[Caption-style text data]

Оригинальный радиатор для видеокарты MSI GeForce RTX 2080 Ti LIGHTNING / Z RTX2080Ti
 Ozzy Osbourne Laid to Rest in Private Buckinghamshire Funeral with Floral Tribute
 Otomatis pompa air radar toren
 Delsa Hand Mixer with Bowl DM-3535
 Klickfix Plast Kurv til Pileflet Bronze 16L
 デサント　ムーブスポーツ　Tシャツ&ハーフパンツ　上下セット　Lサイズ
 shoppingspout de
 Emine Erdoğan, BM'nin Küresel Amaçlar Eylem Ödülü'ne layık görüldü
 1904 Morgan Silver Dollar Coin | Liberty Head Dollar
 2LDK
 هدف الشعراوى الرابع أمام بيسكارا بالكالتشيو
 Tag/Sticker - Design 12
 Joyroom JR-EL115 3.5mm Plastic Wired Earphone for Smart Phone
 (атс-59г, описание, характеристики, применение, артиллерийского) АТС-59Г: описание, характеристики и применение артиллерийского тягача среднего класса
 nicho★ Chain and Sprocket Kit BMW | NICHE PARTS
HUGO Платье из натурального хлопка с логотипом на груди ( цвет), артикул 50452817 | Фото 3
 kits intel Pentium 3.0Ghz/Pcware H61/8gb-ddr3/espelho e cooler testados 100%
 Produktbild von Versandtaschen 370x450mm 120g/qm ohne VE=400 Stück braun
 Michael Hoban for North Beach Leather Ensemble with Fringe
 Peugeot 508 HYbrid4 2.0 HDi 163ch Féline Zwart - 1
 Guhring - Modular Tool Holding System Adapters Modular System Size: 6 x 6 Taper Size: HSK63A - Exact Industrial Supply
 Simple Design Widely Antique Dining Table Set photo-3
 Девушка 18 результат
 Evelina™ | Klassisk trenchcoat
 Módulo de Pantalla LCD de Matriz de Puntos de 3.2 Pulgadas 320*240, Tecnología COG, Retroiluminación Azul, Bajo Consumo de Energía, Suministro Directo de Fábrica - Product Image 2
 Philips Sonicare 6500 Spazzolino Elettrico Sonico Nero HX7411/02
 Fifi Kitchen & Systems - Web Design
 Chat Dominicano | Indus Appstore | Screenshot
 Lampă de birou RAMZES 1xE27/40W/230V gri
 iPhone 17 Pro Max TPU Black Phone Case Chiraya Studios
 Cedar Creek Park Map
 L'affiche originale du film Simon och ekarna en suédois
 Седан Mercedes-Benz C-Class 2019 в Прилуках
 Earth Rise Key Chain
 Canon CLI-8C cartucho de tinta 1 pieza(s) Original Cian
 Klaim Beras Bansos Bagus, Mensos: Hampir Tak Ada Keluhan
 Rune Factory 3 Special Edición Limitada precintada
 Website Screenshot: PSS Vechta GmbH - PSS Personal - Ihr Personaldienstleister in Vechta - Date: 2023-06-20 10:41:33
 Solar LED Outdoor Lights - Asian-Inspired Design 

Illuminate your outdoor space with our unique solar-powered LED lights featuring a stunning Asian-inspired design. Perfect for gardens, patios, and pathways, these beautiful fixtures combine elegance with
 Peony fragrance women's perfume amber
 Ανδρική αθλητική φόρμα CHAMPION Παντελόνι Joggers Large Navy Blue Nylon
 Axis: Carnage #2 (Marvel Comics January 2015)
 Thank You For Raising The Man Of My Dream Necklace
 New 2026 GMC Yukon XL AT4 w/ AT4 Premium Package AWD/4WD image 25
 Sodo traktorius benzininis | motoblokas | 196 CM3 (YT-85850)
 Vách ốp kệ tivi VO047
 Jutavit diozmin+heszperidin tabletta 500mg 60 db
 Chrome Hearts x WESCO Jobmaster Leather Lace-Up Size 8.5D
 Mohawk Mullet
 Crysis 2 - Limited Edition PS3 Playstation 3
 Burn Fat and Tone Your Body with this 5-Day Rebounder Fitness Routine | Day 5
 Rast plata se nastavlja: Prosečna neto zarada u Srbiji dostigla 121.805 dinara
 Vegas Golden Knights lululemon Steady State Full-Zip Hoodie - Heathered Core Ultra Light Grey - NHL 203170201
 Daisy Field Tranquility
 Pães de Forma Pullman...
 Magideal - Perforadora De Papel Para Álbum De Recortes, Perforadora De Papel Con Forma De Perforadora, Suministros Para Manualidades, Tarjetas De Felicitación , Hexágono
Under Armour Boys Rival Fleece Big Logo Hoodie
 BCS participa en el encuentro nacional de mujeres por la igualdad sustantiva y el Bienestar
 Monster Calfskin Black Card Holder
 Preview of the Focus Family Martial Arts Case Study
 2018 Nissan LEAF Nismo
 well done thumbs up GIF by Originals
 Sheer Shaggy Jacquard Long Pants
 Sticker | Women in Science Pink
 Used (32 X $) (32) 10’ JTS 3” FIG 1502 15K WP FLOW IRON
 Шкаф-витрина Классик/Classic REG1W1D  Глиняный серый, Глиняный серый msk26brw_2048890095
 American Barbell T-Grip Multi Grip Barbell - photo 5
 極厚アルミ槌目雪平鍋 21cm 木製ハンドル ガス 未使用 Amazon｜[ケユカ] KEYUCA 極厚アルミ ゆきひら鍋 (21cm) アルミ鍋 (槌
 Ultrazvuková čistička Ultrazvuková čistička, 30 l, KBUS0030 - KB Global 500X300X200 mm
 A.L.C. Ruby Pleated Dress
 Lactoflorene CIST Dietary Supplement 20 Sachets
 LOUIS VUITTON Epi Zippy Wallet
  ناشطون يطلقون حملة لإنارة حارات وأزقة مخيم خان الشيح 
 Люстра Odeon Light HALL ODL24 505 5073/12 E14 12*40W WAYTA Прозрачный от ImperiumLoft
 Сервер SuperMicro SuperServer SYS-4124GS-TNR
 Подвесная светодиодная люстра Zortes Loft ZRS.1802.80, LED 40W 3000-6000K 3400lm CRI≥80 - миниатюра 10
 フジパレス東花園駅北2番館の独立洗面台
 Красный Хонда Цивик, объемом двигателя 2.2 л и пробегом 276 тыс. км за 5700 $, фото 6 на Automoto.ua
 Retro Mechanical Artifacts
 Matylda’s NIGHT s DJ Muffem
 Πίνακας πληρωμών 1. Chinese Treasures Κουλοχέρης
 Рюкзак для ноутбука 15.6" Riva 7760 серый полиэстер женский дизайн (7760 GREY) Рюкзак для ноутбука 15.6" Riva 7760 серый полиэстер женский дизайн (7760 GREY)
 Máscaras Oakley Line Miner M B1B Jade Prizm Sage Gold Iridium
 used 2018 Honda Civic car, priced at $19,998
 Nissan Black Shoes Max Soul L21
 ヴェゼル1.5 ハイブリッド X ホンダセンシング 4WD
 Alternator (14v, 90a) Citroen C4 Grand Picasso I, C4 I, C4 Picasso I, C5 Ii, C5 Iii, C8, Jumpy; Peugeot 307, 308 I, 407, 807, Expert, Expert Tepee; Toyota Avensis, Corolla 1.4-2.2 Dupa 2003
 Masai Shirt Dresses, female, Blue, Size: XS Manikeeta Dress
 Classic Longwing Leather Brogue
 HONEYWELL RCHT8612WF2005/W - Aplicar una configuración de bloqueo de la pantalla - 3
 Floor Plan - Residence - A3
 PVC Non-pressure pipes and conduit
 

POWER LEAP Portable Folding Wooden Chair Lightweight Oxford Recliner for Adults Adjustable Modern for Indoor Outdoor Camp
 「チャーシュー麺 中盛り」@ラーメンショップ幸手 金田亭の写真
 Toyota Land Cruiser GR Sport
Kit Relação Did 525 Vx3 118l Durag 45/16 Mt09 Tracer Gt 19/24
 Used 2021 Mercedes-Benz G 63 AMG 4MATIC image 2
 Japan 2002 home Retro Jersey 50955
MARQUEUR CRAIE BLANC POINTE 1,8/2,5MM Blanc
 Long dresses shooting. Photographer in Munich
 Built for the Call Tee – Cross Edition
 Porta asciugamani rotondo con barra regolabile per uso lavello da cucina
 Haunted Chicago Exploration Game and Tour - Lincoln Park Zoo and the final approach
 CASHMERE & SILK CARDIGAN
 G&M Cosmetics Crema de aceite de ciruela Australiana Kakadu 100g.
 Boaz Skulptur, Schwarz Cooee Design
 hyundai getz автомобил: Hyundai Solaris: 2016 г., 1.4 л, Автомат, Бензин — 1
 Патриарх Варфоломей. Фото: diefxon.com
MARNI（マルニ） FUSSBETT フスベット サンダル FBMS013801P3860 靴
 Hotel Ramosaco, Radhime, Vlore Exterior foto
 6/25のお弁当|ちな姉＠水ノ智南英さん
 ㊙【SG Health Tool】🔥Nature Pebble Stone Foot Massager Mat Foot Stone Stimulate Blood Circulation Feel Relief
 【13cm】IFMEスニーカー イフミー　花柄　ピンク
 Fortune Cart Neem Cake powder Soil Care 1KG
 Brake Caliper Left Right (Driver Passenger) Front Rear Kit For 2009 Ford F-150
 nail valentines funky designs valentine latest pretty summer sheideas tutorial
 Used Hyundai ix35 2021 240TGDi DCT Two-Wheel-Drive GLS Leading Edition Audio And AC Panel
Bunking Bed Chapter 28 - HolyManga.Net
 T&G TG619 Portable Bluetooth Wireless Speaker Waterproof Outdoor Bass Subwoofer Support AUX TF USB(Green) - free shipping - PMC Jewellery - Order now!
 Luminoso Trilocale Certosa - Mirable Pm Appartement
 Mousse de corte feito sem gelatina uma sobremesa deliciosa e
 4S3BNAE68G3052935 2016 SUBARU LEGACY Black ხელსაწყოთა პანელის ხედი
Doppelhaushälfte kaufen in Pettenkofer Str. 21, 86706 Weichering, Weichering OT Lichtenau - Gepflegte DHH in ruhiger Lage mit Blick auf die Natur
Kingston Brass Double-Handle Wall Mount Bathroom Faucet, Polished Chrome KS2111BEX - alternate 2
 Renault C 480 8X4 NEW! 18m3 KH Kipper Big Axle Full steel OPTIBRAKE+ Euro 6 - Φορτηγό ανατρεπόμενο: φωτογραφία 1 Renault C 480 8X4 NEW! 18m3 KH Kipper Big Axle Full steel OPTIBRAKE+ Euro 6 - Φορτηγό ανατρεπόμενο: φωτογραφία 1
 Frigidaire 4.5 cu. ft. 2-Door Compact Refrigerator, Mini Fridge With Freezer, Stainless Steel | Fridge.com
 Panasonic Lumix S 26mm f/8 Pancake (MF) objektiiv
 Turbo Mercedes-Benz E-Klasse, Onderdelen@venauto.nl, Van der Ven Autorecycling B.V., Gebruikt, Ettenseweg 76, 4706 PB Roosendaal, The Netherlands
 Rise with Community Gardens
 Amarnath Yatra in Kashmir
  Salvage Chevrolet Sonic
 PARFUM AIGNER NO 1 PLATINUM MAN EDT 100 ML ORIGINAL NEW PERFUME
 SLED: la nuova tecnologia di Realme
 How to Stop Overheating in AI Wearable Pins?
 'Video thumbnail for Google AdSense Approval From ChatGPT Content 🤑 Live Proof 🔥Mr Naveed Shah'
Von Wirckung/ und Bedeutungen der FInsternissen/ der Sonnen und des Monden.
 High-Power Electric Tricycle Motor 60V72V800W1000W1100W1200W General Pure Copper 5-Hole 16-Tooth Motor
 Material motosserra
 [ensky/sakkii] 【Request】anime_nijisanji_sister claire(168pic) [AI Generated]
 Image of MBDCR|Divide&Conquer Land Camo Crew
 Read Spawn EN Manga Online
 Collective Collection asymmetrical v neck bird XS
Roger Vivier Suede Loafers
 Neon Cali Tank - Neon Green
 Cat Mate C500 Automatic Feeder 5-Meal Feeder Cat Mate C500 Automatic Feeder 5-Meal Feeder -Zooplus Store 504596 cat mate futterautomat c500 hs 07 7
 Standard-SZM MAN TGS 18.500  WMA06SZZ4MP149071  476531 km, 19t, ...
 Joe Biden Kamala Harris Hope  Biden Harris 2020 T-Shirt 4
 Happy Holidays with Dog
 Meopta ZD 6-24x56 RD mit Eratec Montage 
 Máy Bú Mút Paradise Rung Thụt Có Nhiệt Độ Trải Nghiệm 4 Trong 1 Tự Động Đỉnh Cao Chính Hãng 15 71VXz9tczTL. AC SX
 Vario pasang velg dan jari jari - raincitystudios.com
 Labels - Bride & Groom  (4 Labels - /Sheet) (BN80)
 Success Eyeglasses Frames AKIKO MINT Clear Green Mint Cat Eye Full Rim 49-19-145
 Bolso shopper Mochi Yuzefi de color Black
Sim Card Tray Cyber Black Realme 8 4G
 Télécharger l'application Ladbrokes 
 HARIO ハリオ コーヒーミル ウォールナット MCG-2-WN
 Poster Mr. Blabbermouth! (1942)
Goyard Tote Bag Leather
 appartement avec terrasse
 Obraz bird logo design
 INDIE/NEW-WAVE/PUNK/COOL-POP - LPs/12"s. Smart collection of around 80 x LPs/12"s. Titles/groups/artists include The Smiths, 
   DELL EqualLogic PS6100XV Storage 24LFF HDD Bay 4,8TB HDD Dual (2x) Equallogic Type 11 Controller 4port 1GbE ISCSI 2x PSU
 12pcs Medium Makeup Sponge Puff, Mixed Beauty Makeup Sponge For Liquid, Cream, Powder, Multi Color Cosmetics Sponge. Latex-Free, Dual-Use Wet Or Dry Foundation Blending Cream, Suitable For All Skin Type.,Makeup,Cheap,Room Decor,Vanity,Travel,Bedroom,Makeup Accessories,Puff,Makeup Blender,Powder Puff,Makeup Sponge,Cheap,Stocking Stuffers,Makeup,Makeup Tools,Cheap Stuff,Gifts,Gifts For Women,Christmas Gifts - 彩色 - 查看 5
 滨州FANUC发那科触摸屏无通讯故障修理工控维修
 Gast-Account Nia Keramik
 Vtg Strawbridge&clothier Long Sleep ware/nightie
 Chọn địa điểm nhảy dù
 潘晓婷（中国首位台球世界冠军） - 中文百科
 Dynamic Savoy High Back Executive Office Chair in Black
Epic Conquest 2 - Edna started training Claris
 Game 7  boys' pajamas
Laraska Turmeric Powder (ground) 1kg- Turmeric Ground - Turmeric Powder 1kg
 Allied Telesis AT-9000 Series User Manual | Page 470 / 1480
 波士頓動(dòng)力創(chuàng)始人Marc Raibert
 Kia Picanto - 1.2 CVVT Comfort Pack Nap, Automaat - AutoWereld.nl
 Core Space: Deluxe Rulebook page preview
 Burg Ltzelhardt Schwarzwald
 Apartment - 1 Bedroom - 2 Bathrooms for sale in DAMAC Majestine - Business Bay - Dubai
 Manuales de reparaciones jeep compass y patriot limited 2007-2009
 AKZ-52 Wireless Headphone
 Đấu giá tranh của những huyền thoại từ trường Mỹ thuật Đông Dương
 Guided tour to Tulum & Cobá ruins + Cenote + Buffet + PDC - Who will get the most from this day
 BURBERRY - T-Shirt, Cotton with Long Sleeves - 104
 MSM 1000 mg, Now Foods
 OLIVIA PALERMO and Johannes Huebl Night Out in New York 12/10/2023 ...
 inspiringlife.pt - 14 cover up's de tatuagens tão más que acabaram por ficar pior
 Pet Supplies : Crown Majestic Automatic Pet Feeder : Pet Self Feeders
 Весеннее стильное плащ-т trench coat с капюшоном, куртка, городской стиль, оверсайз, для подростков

PROMPT:
An exact copy of the lines above, from the one containing "nail valentines funky" through the one containing "Kingston Brass Double-Handle", is the whole of the answer.

OUTPUT OF THE EXERCISE:
 nail valentines funky designs valentine latest pretty summer sheideas tutorial
 Used Hyundai ix35 2021 240TGDi DCT Two-Wheel-Drive GLS Leading Edition Audio And AC Panel
Bunking Bed Chapter 28 - HolyManga.Net
 T&G TG619 Portable Bluetooth Wireless Speaker Waterproof Outdoor Bass Subwoofer Support AUX TF USB(Green) - free shipping - PMC Jewellery - Order now!
 Luminoso Trilocale Certosa - Mirable Pm Appartement
 Mousse de corte feito sem gelatina uma sobremesa deliciosa e
 4S3BNAE68G3052935 2016 SUBARU LEGACY Black ხელსაწყოთა პანელის ხედი
Doppelhaushälfte kaufen in Pettenkofer Str. 21, 86706 Weichering, Weichering OT Lichtenau - Gepflegte DHH in ruhiger Lage mit Blick auf die Natur
Kingston Brass Double-Handle Wall Mount Bathroom Faucet, Polished Chrome KS2111BEX - alternate 2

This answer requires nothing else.